Summoned to Earth by Mike Yates, the Sixth Doctor finds himself reunited with a couple of other old friends in the battle against Mr Rees…
One of Big Finish’s earliest spin-offs gets an outing here – or at least the pairing at the heart of it does. The Gallifrey series was built around the characters of the second Romana and Leela and their relationship, and the knowledge they have of each other, is fundamental to Nick Wallace and Justin Richards’ story. Like the audience, Romana knows that there are certain things that Leela simply does not do (you could say they were contractual matters in a sense).
As with the AudioGo stories, it does feel occasionally as if Mike Yates is simply a stand in for the Brigadier at times – something which definitely wasn’t the case with the preceding story – but I’d rather have someone that we know, rather than there being a Seeds of Doom-esque introduction of a UNIT character that the Doctor knows but we don’t (although wouldn’t it have been great if David Tennant’s Colonel Brimmicombe-Wood had somehow been rehabilitated and made a reappearance!). The combination of the Sixth Doctor and Romana hasn’t been heard for a long time (can it really be as far back as The Apocalypse Element?), and there’s just a hint at the end that it’s a team which could reappear. As seems to be increasingly the case, Louise Jameson is given something different to do with Leela and the early scenes between her and Jamie Glover work well.
Glover’s Rees has made an interesting opponent, and I won’t be in the least bit surprised if we hear the strains of “Ding Dong Bell, Pussy’s In the Well” again in the not too distant future (although I’m sure Howard Carter will be glad not to have to work out further arrangements of it!).
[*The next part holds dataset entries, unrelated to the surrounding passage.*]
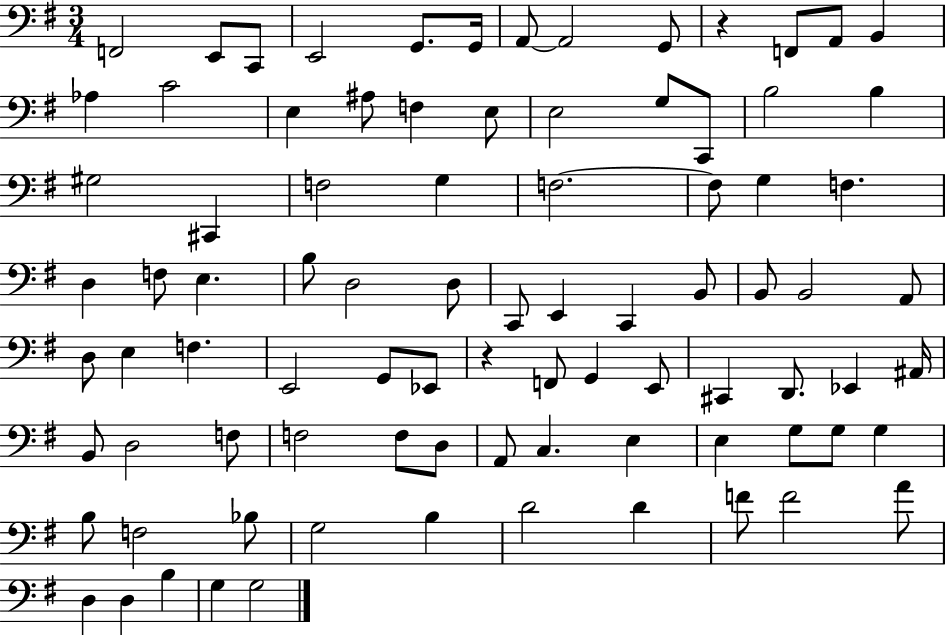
{
  \clef bass
  \numericTimeSignature
  \time 3/4
  \key g \major
  \repeat volta 2 { f,2 e,8 c,8 | e,2 g,8. g,16 | a,8~~ a,2 g,8 | r4 f,8 a,8 b,4 | \break aes4 c'2 | e4 ais8 f4 e8 | e2 g8 c,8 | b2 b4 | \break gis2 cis,4 | f2 g4 | f2.~~ | f8 g4 f4. | \break d4 f8 e4. | b8 d2 d8 | c,8 e,4 c,4 b,8 | b,8 b,2 a,8 | \break d8 e4 f4. | e,2 g,8 ees,8 | r4 f,8 g,4 e,8 | cis,4 d,8. ees,4 ais,16 | \break b,8 d2 f8 | f2 f8 d8 | a,8 c4. e4 | e4 g8 g8 g4 | \break b8 f2 bes8 | g2 b4 | d'2 d'4 | f'8 f'2 a'8 | \break d4 d4 b4 | g4 g2 | } \bar "|."
}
And if Mr Rees were to team up with the Master, then it could be very interesting indeed.
Looking briefly at the box set as a whole, the extremely lavish collectors’ edition arrived in the post this morning (no, Big Finish haven’t gone insane; it wasn’t a comp copy!), and it’s rather fine. Similar in size to the Collectors Edition of The Light at the End from last year, it has some enjoyable essays inside, as well as portraits of the cast, and some rather fine illustrations for each of the stories.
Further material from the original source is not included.